Voici un roman policier qui renoue avec le meilleur du genre dans son registre classique, avec tout ce que cela comporte de minutie, de savoir-faire, de culture littéraire et de maestria. Le lecteur comprendra au fil du récit à qui se réfère l’auteur tout en jouant sur deux tableaux, l’ancien et le moderne. Car ce roman est bien d’aujourd’hui, quoiqu’il puise aux sources limpides du thriller à énigme made in Britain.

L’emploi ludique des noms de personnages par Yves Carchon est censé nous mettre sur la voie de ce qu’il ne nommera pas. Tel le patronyme du personnage d’Hippolyte Lasperge, dont le nom à consonance de plante potagère nous rappelle évidemment un sien confrère de même racine. Le premier apparaît dans les écrits d’Amanda Pristil, dame du crime chez Yves Carchon ; le second honore de sa perspicace bonhommie nombre de romans de devinez qui. Après tout, la Mort sur l’Adour peut s’avérer tout aussi reposante que celle sur le Nil. Quant à Bourg et Guignon, ils valent à eux deux un seul supergendarme. Comprenne qui pourra.

Le verbe de Carchon élégant et enjoué sert une narration robuste et légère à la fois, véritable tournepage, à l’oubli du papier noirci qui subitement, par la magie de la littérature, fait place aux somptueux décors un peu surannés de l’hôtel Beauséjour à Pau et aux mines effarées, patibulaires ou ingénues des protagonistes.

N’hésitons pas à qualifier ce livre de remarquable architecture romanesque. Sa construction, au fil des pages, du gros œuvre à la livraison, se révèle tout aussi réussie.

Le retour de Fragoni

 L’auteur a bien sûr dépêché son fidèle Fragoni[i] pour enquêter.

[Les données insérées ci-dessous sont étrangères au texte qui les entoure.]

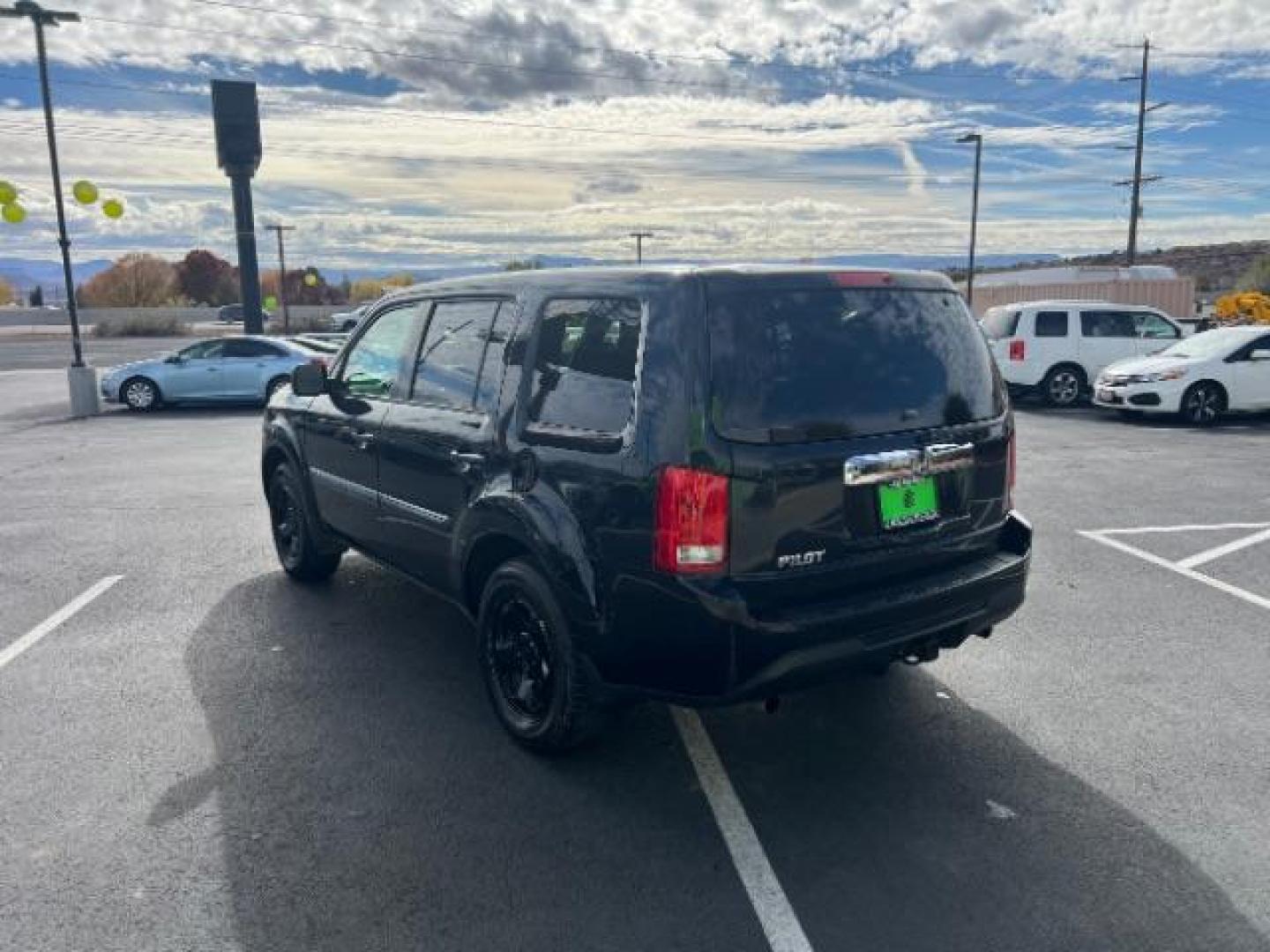 2012 Crystal Black Pearl /Gray Cloth Interior Honda Pilot LX 2WD 5-Spd AT (5FNYF3H27CB) with an 3.5L V6 SOHC 24V engine, 5-Speed Automatic transmission, located at 1865 East Red Hills Pkwy, St. George, 84770, (435) 628-0023, 37.120850, -113.543640 - Photo#6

Quand il le faut, celui-ci adopte le rôle et la posture de garde-corps. Car l’écrivaine Amanda Pristil doit faire face à une série de menaces émanant d’un entourage qu’elle semblait avoir perdu de vue. Le passé la rattrape.

Sans ces inconvénients l’ambiance palace cinq étoiles de luxe du Beauséjour serait hautement délectable. Sans ces crimes à répétition, sûr que le bonheur règnerait sur la galerie de personnages hauts en couleur convoqués par l’auteur. Dès le début, le portrait qu’il nous brosse d’un colonel en rupture de régiment ne manque pas de panache. Et ce couple, les Lafouillade, qui « semblaient vivre comme si la terre entière était à leur service. »

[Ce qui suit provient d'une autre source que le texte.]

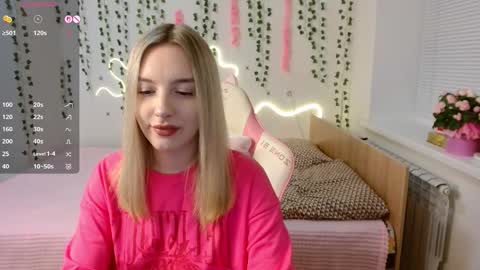 Mia nice to meet you online show from October 30, 1:12 pm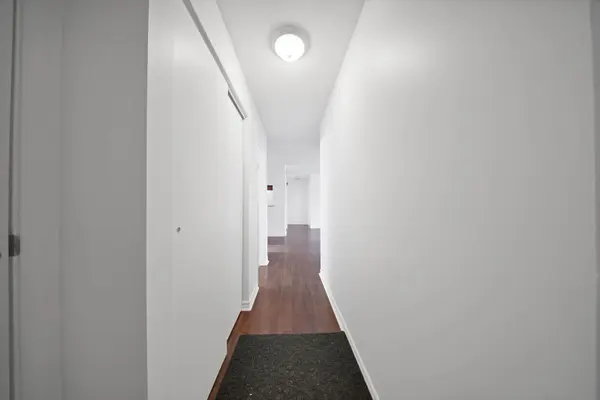 1450 Glen Abbey Gate #212, Oakville, ON L6M 2V7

On est en 1965 à Pau. La police roule en Simca 1000. L’action se déroule presque en huis-clos à l’hôtel Beauséjour — de renommée littéraire puisque Agatha Christie elle-même y séjourna — et brièvement à Bordeaux.

Le titre intrigue. Il n’inclut pas tous les personnages présents dans le roman. Presque tous vont à travers le monde avec des antécédents souvent problématiques. Pour ne rien dire d’une suspicion d’union consanguine. Il y aura bien plus grave…

Missel mi-raisin

Plusieurs protagonistes écrivent, publient ou affectionnent la lecture. On le verra, d’autres meurent avec un livre posé sur l’abdomen. N’étant pas des gisants, il ne s’agit pas de leur missel.

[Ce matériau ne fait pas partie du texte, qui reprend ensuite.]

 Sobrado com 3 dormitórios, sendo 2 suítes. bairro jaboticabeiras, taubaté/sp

Quand Fragoni se voit attribué la chambre jaune de l’hôtel, on se dit que les signes vont pleuvoir et qu’il convient de rester vigilants.  Malgré ses précautions, Fragoni qui se prétend agent de change, est vite démasqué par une beauté du lieu.

Lors du court déplacement à Bordeaux, notre enquêteur s’efforce de comprendre le génie des lieux « de s’en, imprégner afin d’en mieux saisir l’essence. » Ainsi s’était-il toujours comporté dans ses enquêtes.

On assiste alors à un emballement de l’action et des tempéraments. Des coups se distribuent comme s’il en pleuvait. Certains mortels. L’ombre de la célèbre écrivaine Amanda Pristil plane au-dessus de la très hétérogène compagnie des pensionnaires de l’hôtel, dont justement les Six Petits Palois, bien avant que le wokisme ne statue et sévisse sur l’énoncé forcément « discriminatoire » de toute origine.

Fragoni rencontrera l’écrivaine et voudra savoir pour quelle raison elle a disparu autrefois pendant douze jours ; il pressent que la raison de sa fugue pourrait fournir une clé utile pour son enquête.

On verra comment une réunion de dernière heure donnera tout son sens au titre de l’ouvrage. La magistrale scène finale ne requiert pas moins de vingt-sept pages pour une étourdissante mise en abyme. Et quelles pages ! Fragoni y déroule « sa longue et édifiante démonstration » sous l’œil sidéré des six petits Palois.

Et si toute cette histoire longue de trois générations n’était pas celle du crime ordinaire, mais au fond l’une de ces histoires d’amour dont le tragique tue inévitablement selon un enchaînement a priori impensable ?

Pierre-Jean Brassac 

Yves Carchon, Crimes à Pau. Six petits Palois, Le geste noir, La Geste, 211 pages, 13,90 €

[i] Les vieux démons, Deborah Worse, aux éditions Cairn.